- Remnant Church Headquarters, formerly the William Chrisman High School, near the Mormon Temple Lot
- Classification: Latter Day Saint movement
- Orientation: Latter Day Saints
- Polity: Church Conference
- President: Terry W. Patience
- Region: United States
- Origin: April 6, 2000 Independence, Missouri
- Separated from: Restoration Branches
- Other names: Remnant Church; The Remnant Church; RCJCLDS;
- Official website: theremnantchurch.com

= Remnant Church of Jesus Christ of Latter Day Saints =

Branch of the RLDS Church

The Remnant Church of Jesus Christ of Latter Day Saints, usually referred to as the Remnant Church, is a denomination in the Latter Day Saint movement. The prophet / president of the church is Terry W. Patience.

==History==
In the 1970s and 1980s, the Reorganized Church of Jesus Christ of Latter Day Saints (now called Community of Christ) was criticized from within, by its membership, for various changes in policy and leadership. These issues, among other issues, included female priesthood, the ending of the doctrine of lineal succession, and the construction of the Independence Temple.
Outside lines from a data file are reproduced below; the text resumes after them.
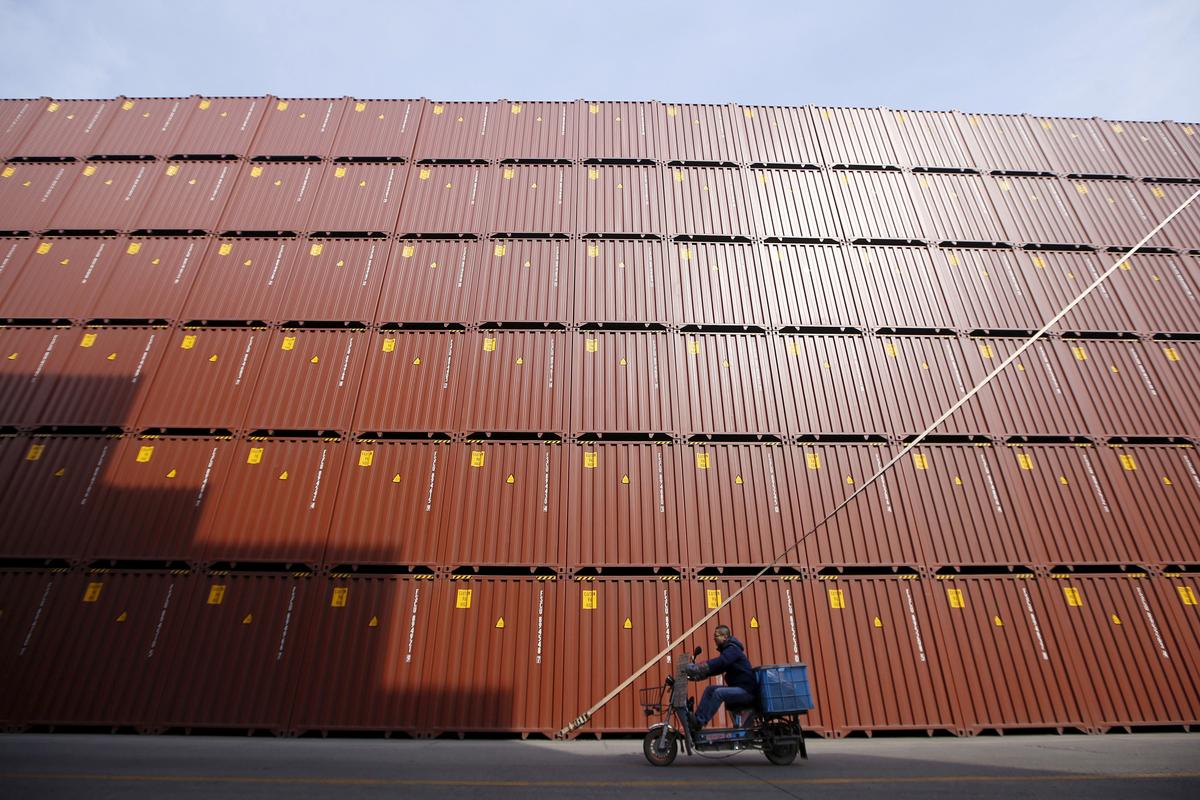 A man rides a vehicle past containers at a port in Shanghai, China, on Feb. 17, 2016. (Aly Song/File Photo/Reuters)
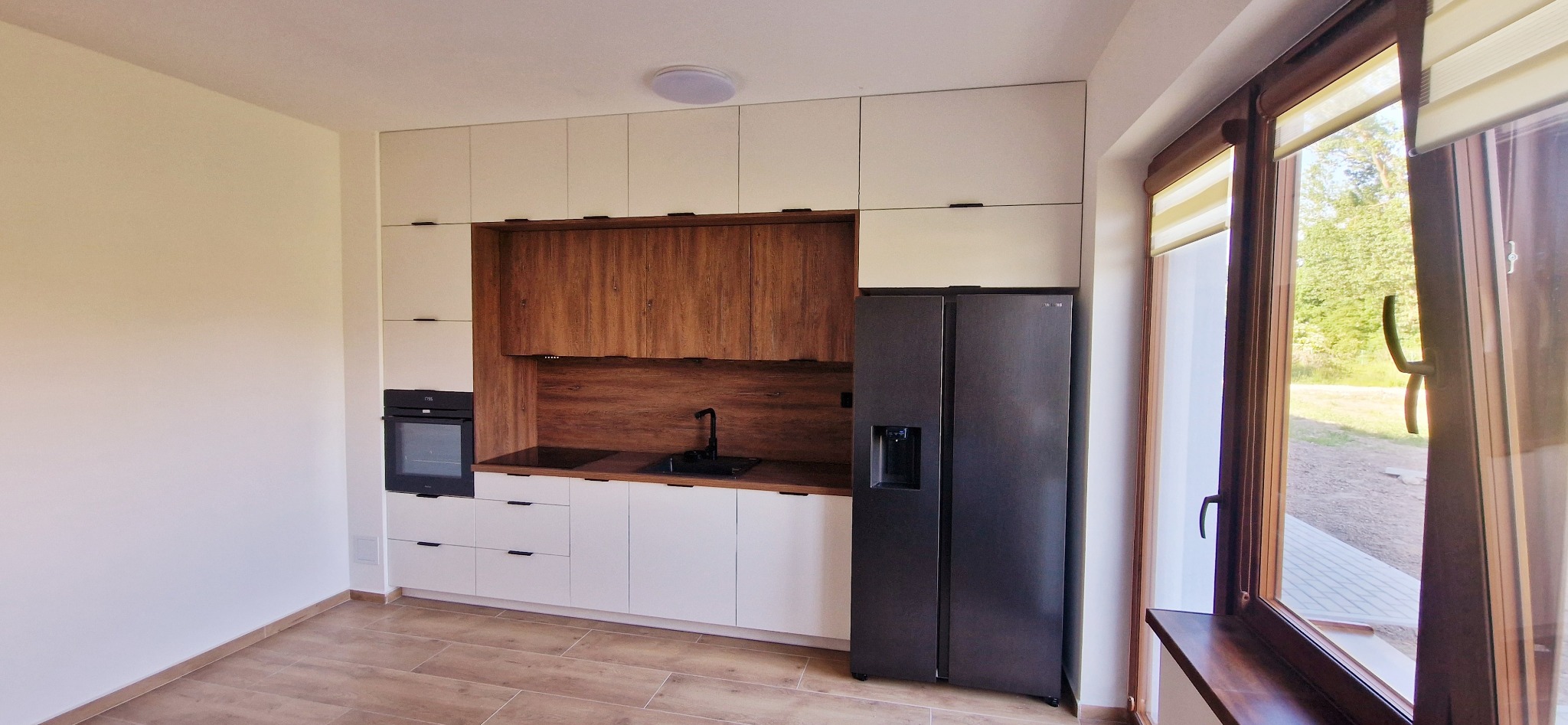 Nowoczesna kuchnia z białymi szafkami górnymi i dolnymi, drewnianym panelem nad blatem, czarnym zlewem i dużą, ciemną lodówką side-by-side, widok na zewnątrz przez okno.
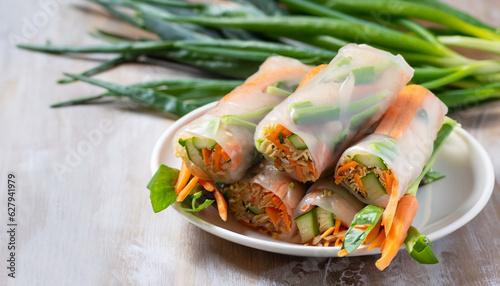 Vegan spring rolls with carrots, cucumber, green onions and rice noodles, selective focus photo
This led to several branches of the RLDS Church to form groups of independent Restoration Branches. In May 1999, several members of these branches met as the Conference of Restoration Elders, including Frederick Niels Larsen, great-great-grandson of Joseph Smith Jr. They published the "Proclamation and Invitation to the Faithful", which led to the creation of the Remnant Church of Jesus Christ of Latter Day Saints on April 6, 2000.

In April 2002, as a descendant of Joseph Smith, Larsen was chosen to become the President of the High Priesthood of the Remnant Church, and he was sustained as the prophet and president of the church until his death. Larsen died on April 26, 2019. Following his death, Terry Wayne Patience became President of the High Priesthood/Prophet/President of the church on June 29, 2019 during a special conference of the church.

==Doctrine==

Through its history with the Reorganized Church, the Remnant Church considers itself to be a remnant of the Church of Christ organized by Joseph Smith Jr. in 1830, and thus the "one true church".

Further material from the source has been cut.